Showing posts with label hyperstimulation. Show all posts
Showing posts with label hyperstimulation. Show all posts

Friday, 10 June 2011

No Sex is OK.

So... it's been ten days since I stopped masturbating every day with the aid of fantasies and porn. I was only an occasional porn user, but I used both porn and pornographic fantasies to create desire in order to get to orgasm. You might not think this is a bad thing, but I got to reading about the effects of hyper-stimulation and the dulling of the pleasure response in relation to my long history of anxiety, depression, fibromyalgia and (these days) chronic fatigue.

And the result? Almost no spontaneous sexual desire. No daytime erections. Almost no thinking about sex. The urge to masturbate is not presently linked to physical desire. It is linked to habit, and neurotic pleasure seeking. Whether or not it is related I don't know but I am experiencing quite severe insomnia at present. I've cut down a little on chocolate as well (one 100g bar of 70% a day is limit!) and that may be it. I do notice that being in the presence of an attractive women - and I live in a University/tourist town so it's heaving with them - makes me feel uncomfortable or restless. But it's not a groin sensation at all. So I'm just looking away and trying not to think about it. And actually it's fine. When I'm not artificially stimulating my sexual desire, it's very low indeed - and well it may be as I'm in pain & tired most of the time. Actually I think I feel less lonely in the last week or so.

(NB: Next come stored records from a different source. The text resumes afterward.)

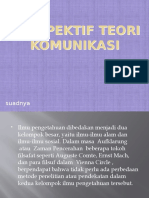 Teori Perspektif Komunikasi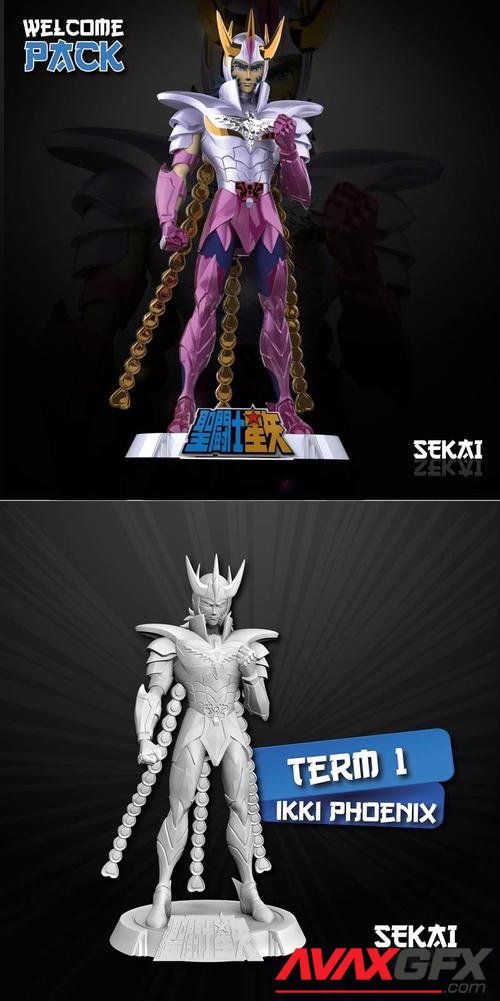 Ikki of Phoenix Sculpture – 3D Print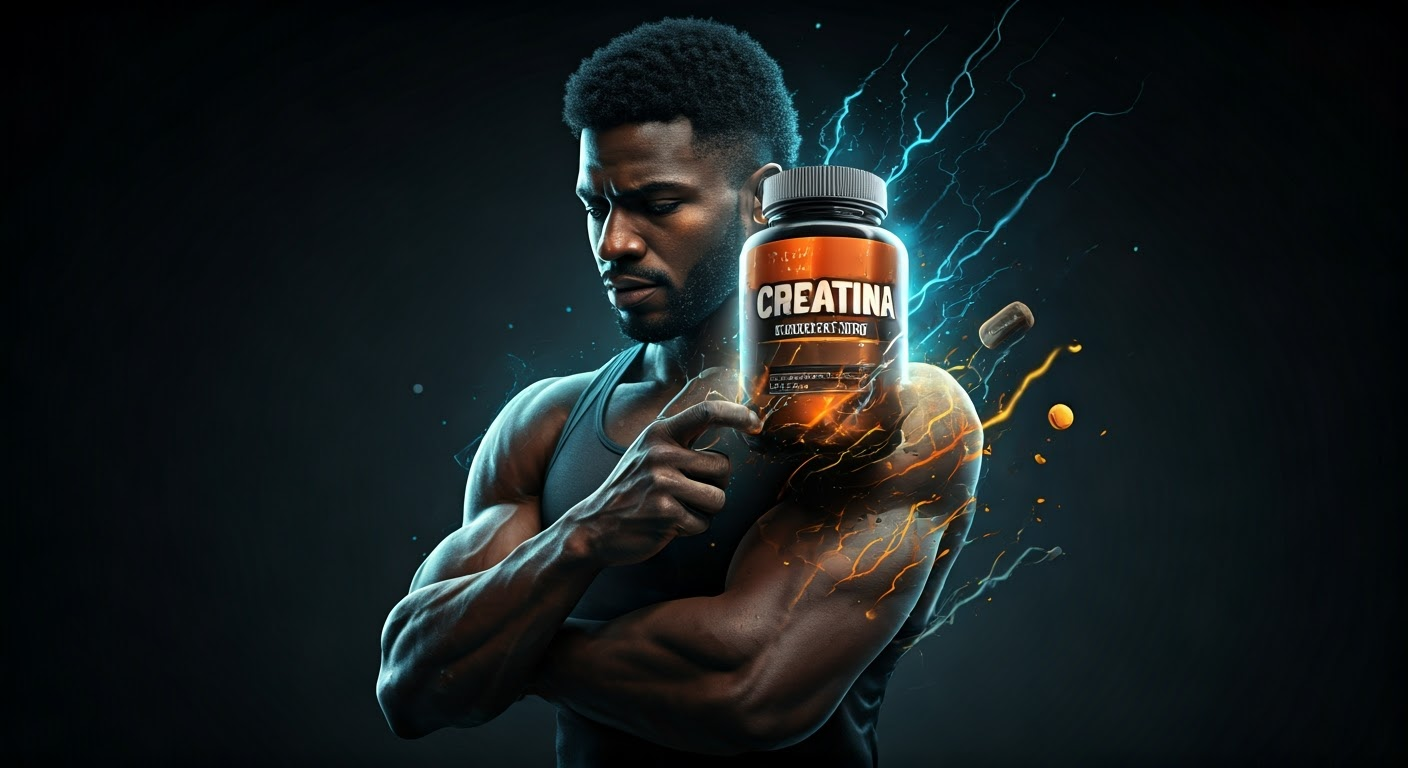 O que é Creatina? Benefícios, Uso e Efeitos para Atletas - Educafit - imagem gerada por IA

So this is something worth blogging about. There's a lot of political shit going on in the UK. A lot of stuff that I can't really keep up with - a constant barrage of propaganda from the DWP which is clearly designed to reduce sympathy for the beneficiaries of the nation. And it seems to be working as there are massive protests against heath and education plans, and policy U-turns, bu there is no organised response to benefit cuts. Of course those of us on benefits are not really in as good a position as educators and doctors to defend ourselves. But I find it all too much and too depressing. Others are doing a good job of commenting in blogs.

Still waiting for the Work Capacity Assessment axe to fall, and constantly anxious about that.